Del Piero: «Francia favorita, è meno stressata»

«Su di me la critica distorce la realtà. Il ko agli Europei? Non fu colpa mia. Io pungolo Totti? È lui che ha preso il mio posto. Capello al Real non mi ha proprio sorpreso»

(...) Si è scritto persino che non ho raggiunto un pallone di Gattuso, che sono mezzo giocatore. Basta così. Il dolore, per una sconfitta, lascia il segno più della gioia e per fortuna la prossima sfida è un’altra storia, una nuova battaglia» è la sua rivolta nei confronti di giudizi feroci e di ricordi crudeli. «La mia figura, la mia milizia nella Juve sono fonte di ostilità» sottolinea e forse non è lontano dall’indirizzo giusto.
Achille Del Piero detto Alex («a proposito, come finì la guerra di Troia?» chiede divertito ai cronisti) è pronto a rendere omaggio alla Francia, «sono loro i favoriti, hanno meno stress», e al suo Ettore, Zinedine Zidane, «la mia stima va al di là del magnifico torneo fatto, è il giocatore numero uno al mondo, gli chiederò la maglia». Senza cedimenti, però. Neanche dinanzi alla suggestione di un mega-derby mondiale con tutti gli altri esponenti del nobile casato bianconero caduto in disgrazia. «La prima cosa che mi viene in mente è cosa ci siamo mangiati in Champions league, del resto mi occuperò da lunedì» è la sua riflessione amarognola. Eppure proprio lui, Achille Del Piero e Trezeguet sull’altro fronte, sono destinati alla panchina, all’ennesima esclusione. «C’è qualcosa di singolare, perché entrambi abbiamo fatto grandi cose nella Juve. Io sono legato a tutte le squadre del mio periodo, la prima con Zidane e l’ultima, siamo al top dei top» riflette prima di riavvolgere il nastro della semifinale. «Non è facile entrare per 20 minuti, correre, dare un mano, fare gol, in quella stessa porta, in quello stesso angolo, giocare in un ruolo diverso. Sono pronto a qualunque evento. E non lo dico per egoismo, lo dico perché se sono più utile a me stesso, sono più utile anche alla squadra. In una finale giocherei ovunque, questo è scontato. Vorrei avere un po’ più di tempo per dimostrare il mio valore, giocare una finale mondiale è uno dei sogni da bambino» scolpisce così la sua tortura, facendola diventare una specie di passione, esibita in pubblico con pudore. E anche con rispetto. Come raccontano le parole di Noel Gallagher, il suo amico degli Oasis, che canta di come uscire da strade tortuose, «è più bello, io mi riconosco» spiega didascalico Alex, l’uomo venuto da molto lontano, a inseguire un trionfo che ancora manca alla sua bacheca azzurra.

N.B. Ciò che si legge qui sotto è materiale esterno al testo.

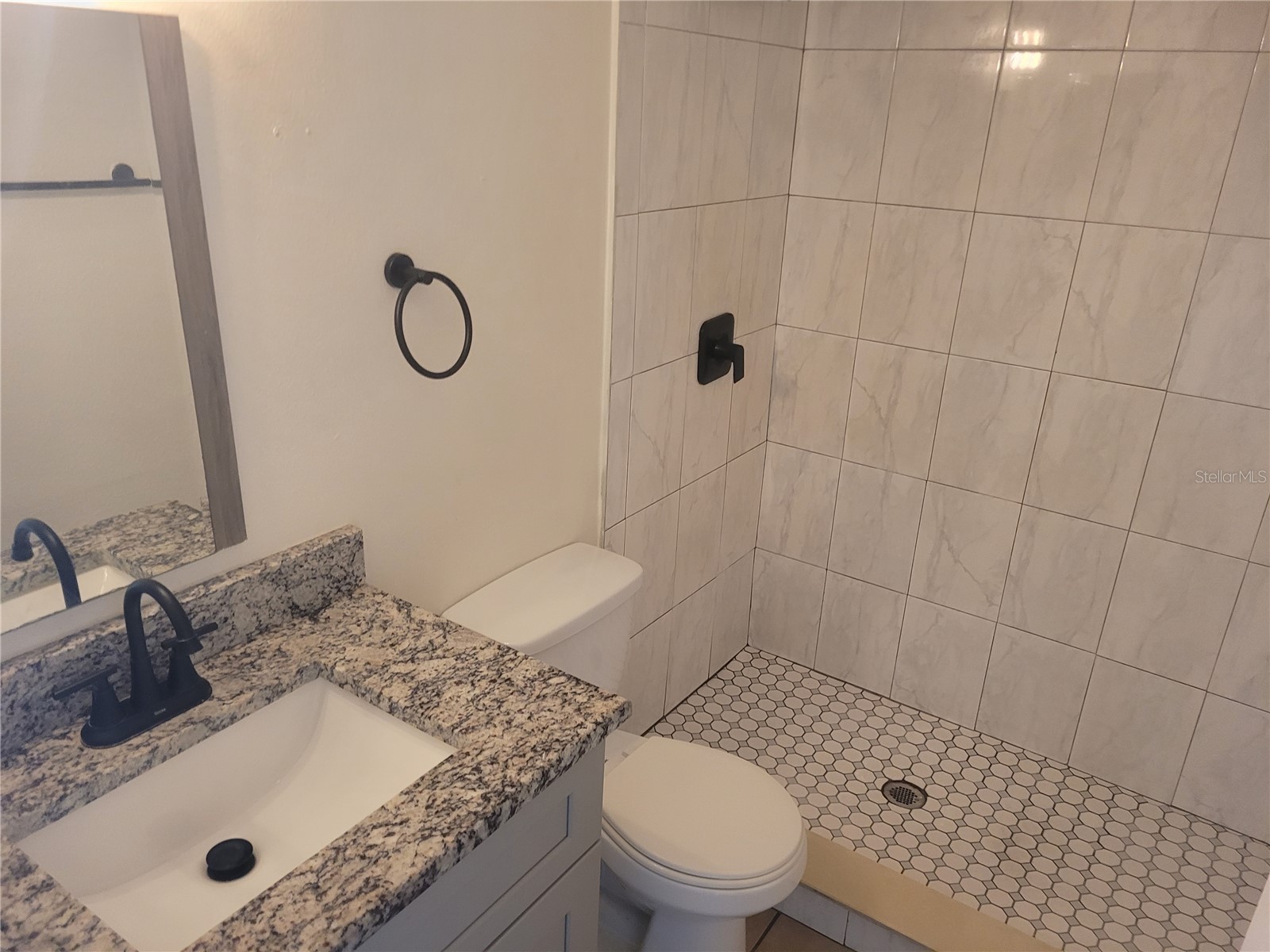 1236 Dovehill Drive #1248 Apopka FL 32703 O6390890 image13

«Più che l’ultima occasione, il capolinea per la mia generazione, Berlino è una grandissima occasione, anche se il tempo passa velocemente quando hai fatto il militare» gli riescono risposte da vecchio saggio, all’età in cui i ragazzi inseguono ancora un buon lavoro e un mutuo per la prima casa. Achille Del Piero detto Alex è tornato sulla partita del misfatto e forse ha maturato il convincimento di lasciare l’azzurro, dopo Berlino. Senza promulgarlo, come un editto, come ha fatto Totti. «Vedremo» prende tempo segnalando che la Francia è sempre la favorita e che la pressione sul fronte di Duisburg («i tifosi sono stati accolti bene l’altra notte quando non ci hanno lasciato dormire» la battuta) è una benzina per il motore.

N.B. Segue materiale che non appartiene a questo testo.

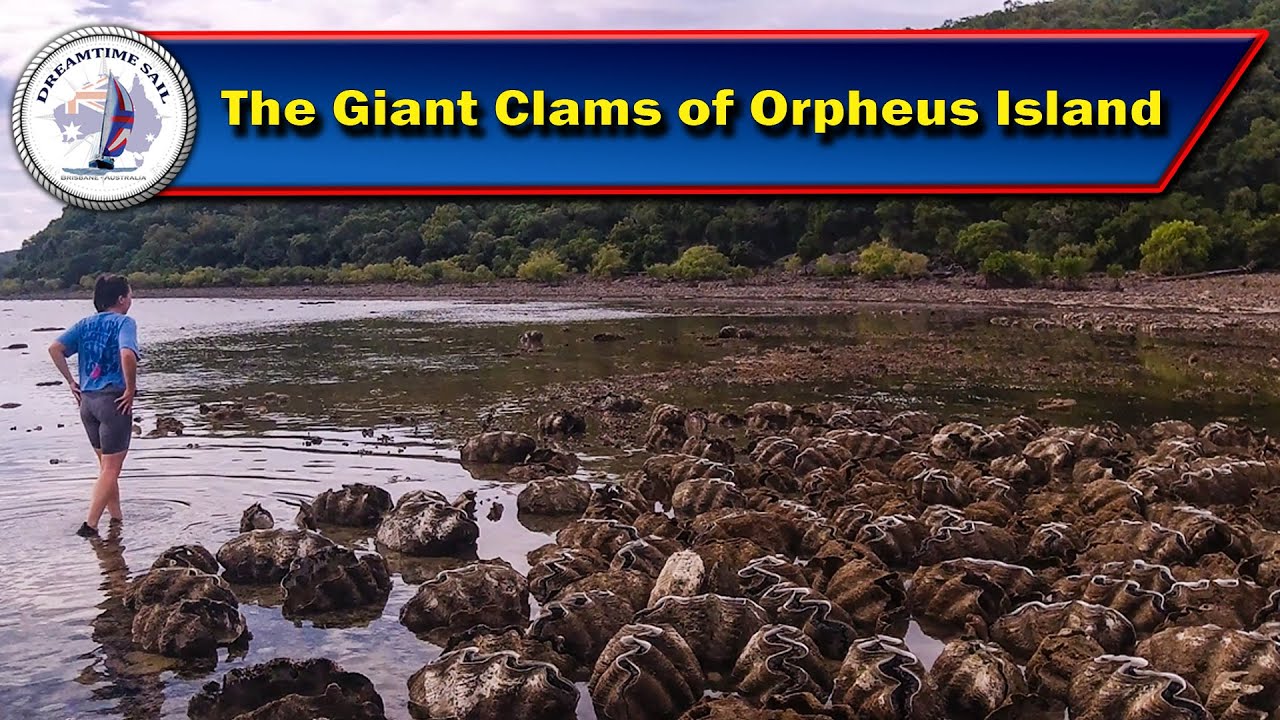 The Giant Clams of Orpheus Island. Our first small step towards Indonesia.  – Series 3 Episode 69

Prima di chiudere con due frecciate sui due argomenti che sono i tormentoni dell’estate tedesca, Totti e Capello. Al primo riserva una risposta franca e garbata. «Io pungolo di Francesco? No, è lui che è entrato al posto mio in questo mondiale...» fa sapere Del Piero.

Che al grande mercenario di Pieris, scappato da Torino nelle braccia del Real, a Madrid, riserva invece una chiosa algida. «Non l’ho sentito in questi giorni e il suo gesto non mi ha sorpreso per niente». Quasi una lapide.